►
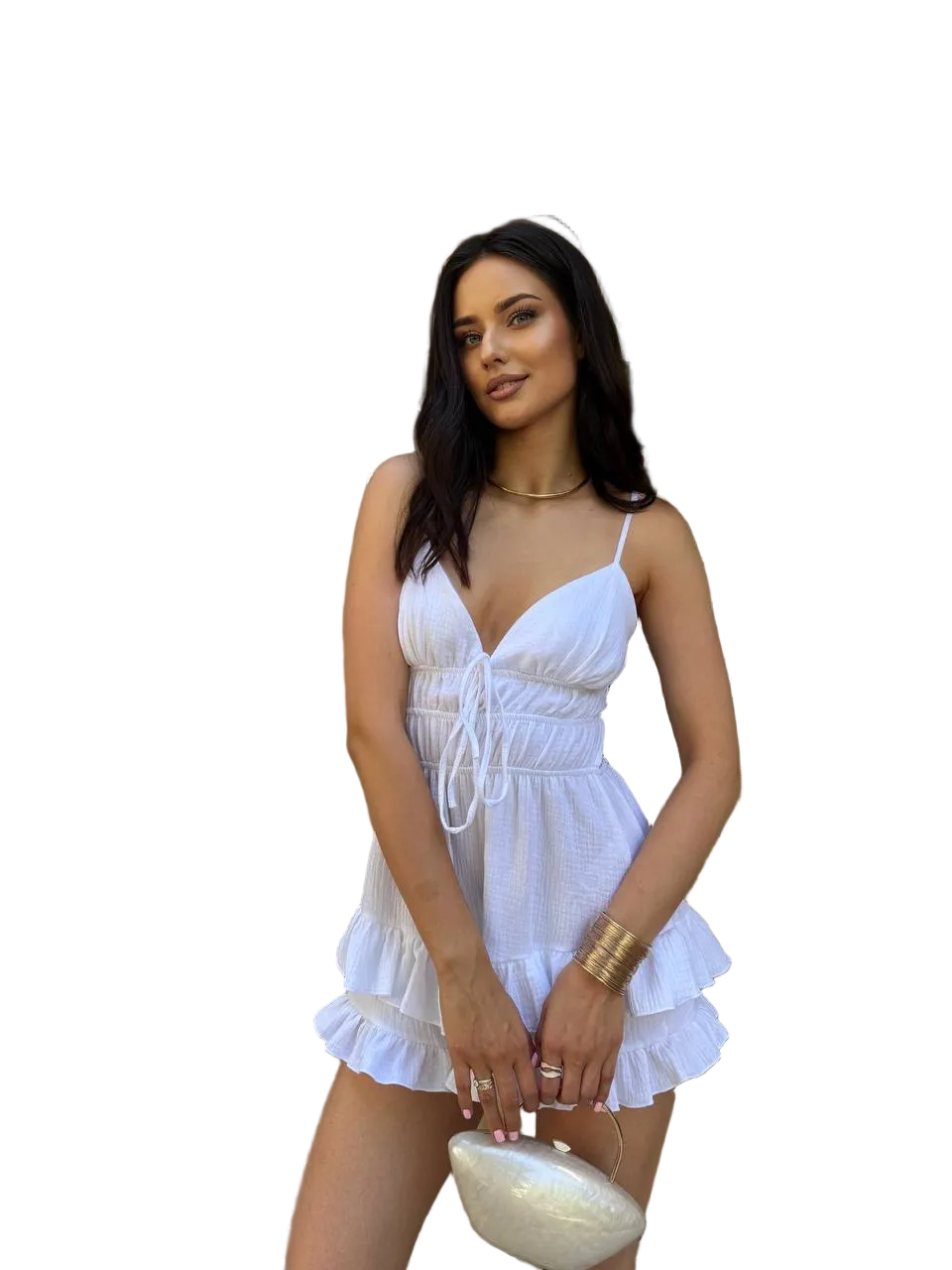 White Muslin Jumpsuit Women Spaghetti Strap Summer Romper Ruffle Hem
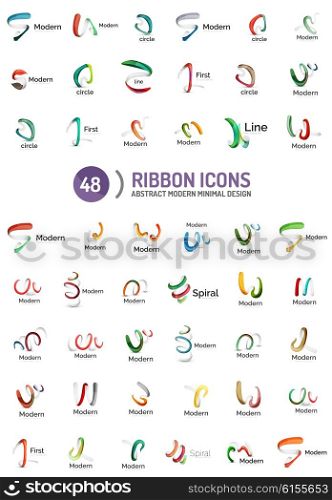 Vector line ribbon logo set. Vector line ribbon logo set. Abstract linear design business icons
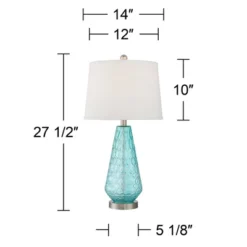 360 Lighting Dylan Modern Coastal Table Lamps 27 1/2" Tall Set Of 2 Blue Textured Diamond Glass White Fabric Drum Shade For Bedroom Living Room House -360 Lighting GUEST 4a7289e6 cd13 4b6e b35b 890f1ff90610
◄
►
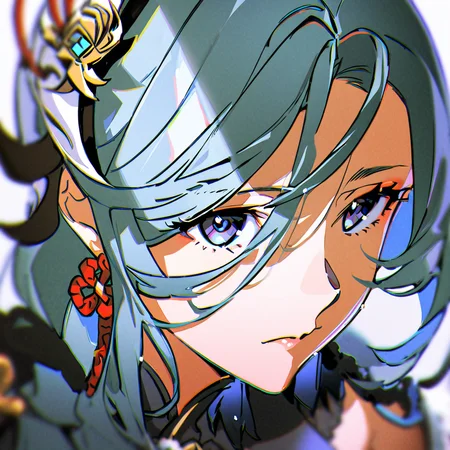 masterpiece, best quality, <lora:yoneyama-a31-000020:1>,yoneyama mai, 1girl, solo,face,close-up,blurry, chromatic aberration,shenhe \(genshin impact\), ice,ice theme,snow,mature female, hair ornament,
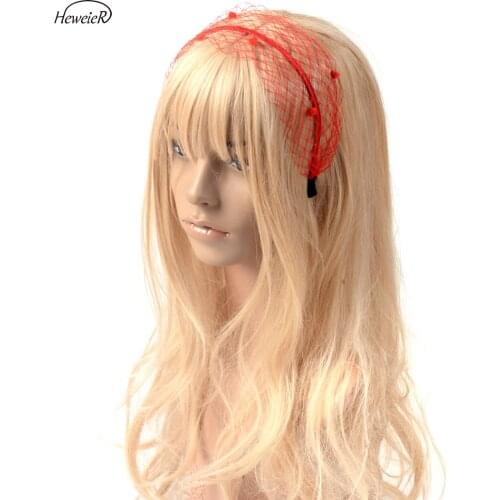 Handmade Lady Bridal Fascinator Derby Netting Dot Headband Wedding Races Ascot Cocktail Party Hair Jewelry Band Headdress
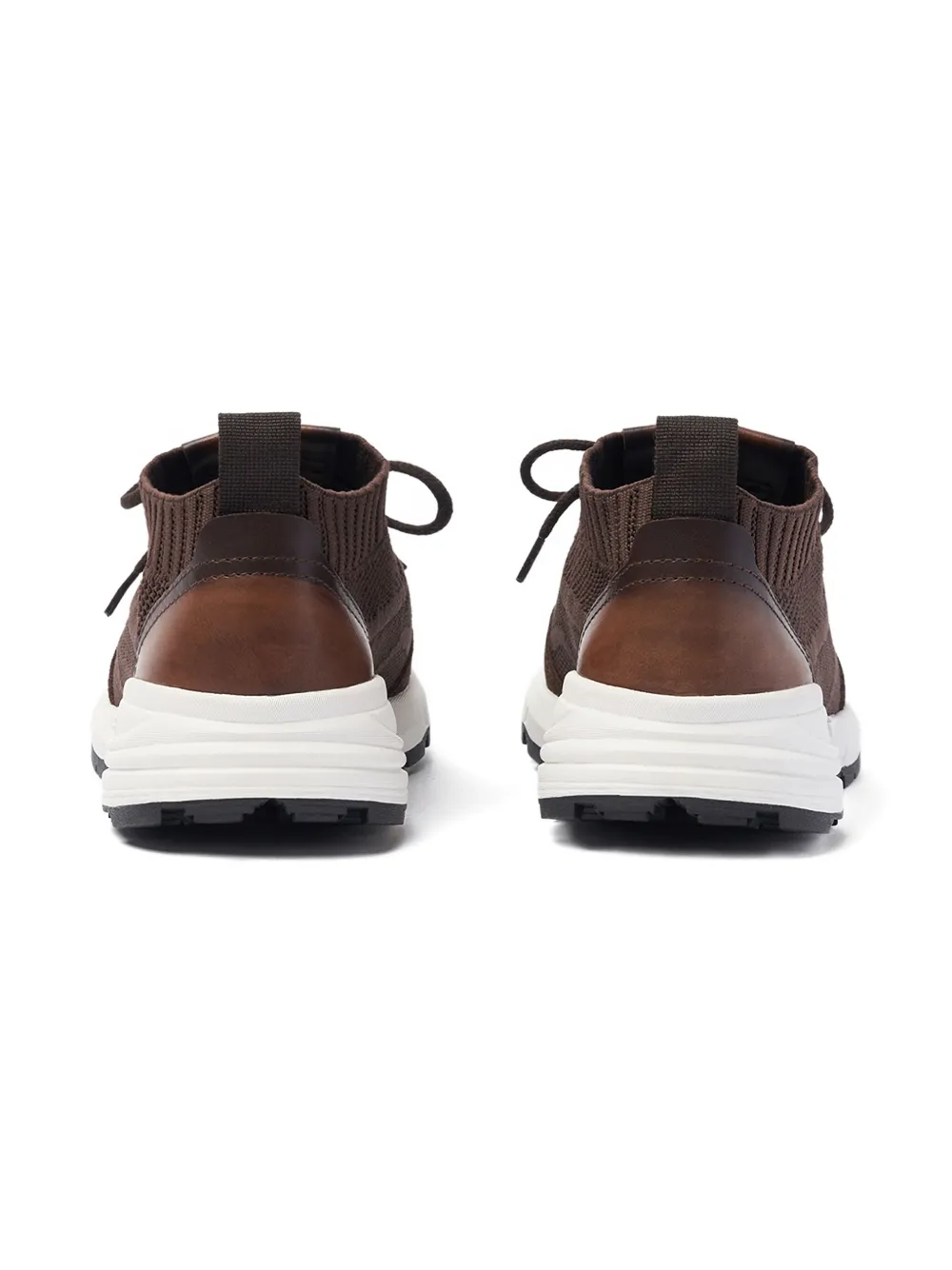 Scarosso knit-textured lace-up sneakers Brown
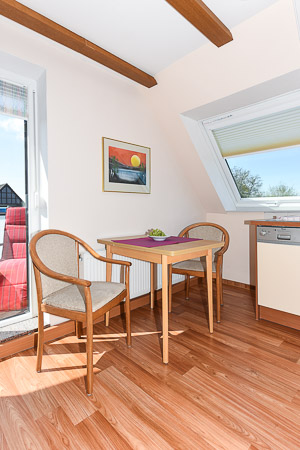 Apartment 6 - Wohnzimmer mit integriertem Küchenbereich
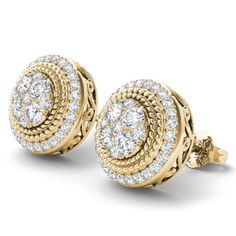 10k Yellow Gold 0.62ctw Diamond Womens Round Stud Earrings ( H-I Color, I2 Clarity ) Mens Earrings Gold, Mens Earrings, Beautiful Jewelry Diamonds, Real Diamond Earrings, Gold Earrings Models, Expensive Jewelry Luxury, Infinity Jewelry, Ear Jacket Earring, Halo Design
◄
__WHAT TO WORK ON__
A clean copy is needed of the lines in the listing above from the one with "Handmade Lady Bridal" through the one with "10k Yellow Gold", exact in every word and free of pictures.

__RESULT FOR THIS TASK__
 Handmade Lady Bridal Fascinator Derby Netting Dot Headband Wedding Races Ascot Cocktail Party Hair Jewelry Band Headdress
 Scarosso knit-textured lace-up sneakers Brown
 Apartment 6 - Wohnzimmer mit integriertem Küchenbereich
 10k Yellow Gold 0.62ctw Diamond Womens Round Stud Earrings ( H-I Color, I2 Clarity ) Mens Earrings Gold, Mens Earrings, Beautiful Jewelry Diamonds, Real Diamond Earrings, Gold Earrings Models, Expensive Jewelry Luxury, Infinity Jewelry, Ear Jacket Earring, Halo Design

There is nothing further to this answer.